Learn about barriers to market entry and local requirements, i.e., things to be aware of when entering the market for this country.
Doing business in Gabon presents well-known challenges that the government is addressing with mixed results. Business development is challenging due to excessive bureaucracy, corruption, an absence of a clearly established and consistent process for companies to enter the market, high production costs, a small domestic market, rigid labor laws and work visa requirements, limited and poor infrastructure, outdated laws and regulations, a cumbersome judicial system, and inconsistent application of customs regulations. In addition, Libreville has the second highest cost of living in Africa, according to Mercer in July 2022. A preponderance of French companies (this is changing) dominate the country’s business sector, where knowledge of French language and culture is a necessity in doing business. The government, however, is pursuing an effort to make Gabon a more multilingual country by encouraging English as a second language.
While improving in 2022, economic conditions in Gabon weakened throughout 2020 and into 2021 as the government adjusted its budget to account for protracted low oil prices, lower demand for oil, and the economic impact of the coronavirus pandemic.
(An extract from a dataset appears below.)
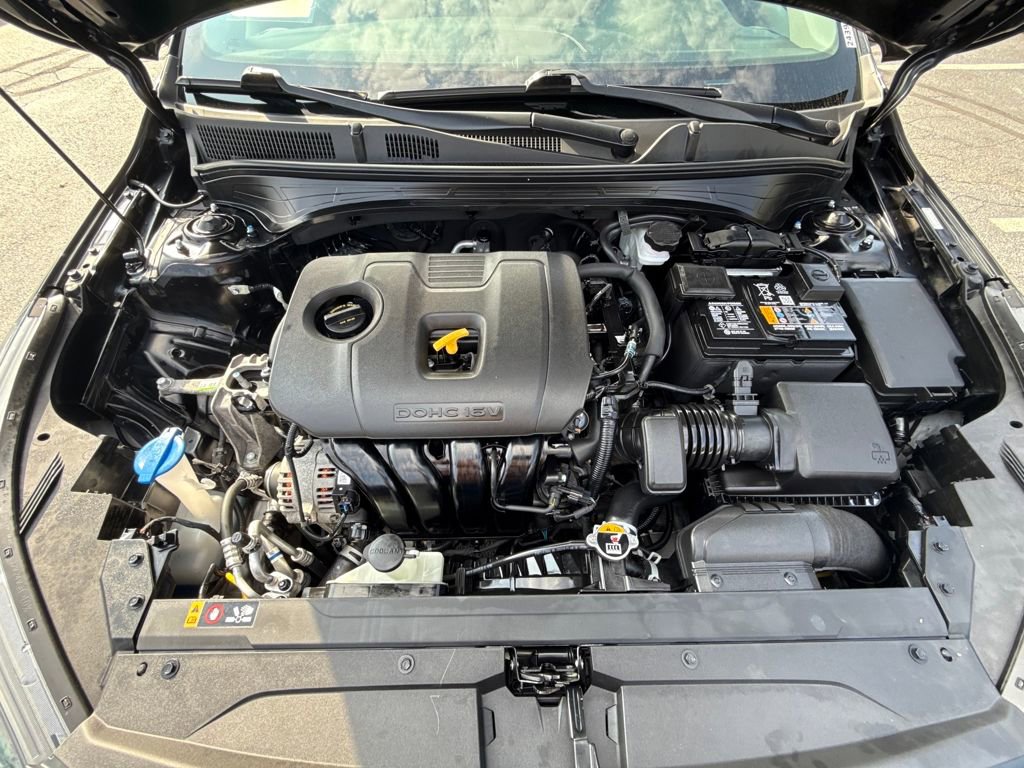 Used 2023 Kia Forte LXS image 12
Many international companies, including U.S. firms, continue to have difficulties collecting timely payments from the Gabonese government, and some companies in the oil sector have closed operations.
The economy remains heavily dependent on the extractive industries, such as those found in the oil, manganese, and timber sectors. Gabon’s dependence on the export of raw materials leaves it vulnerable to external factors that influence price.
Gabon’s lack of sufficient modern infrastructure, such as all-weather roads connecting major economic centers, makes doing business across the country costly and time-consuming, especially in more remote areas outside of Libreville.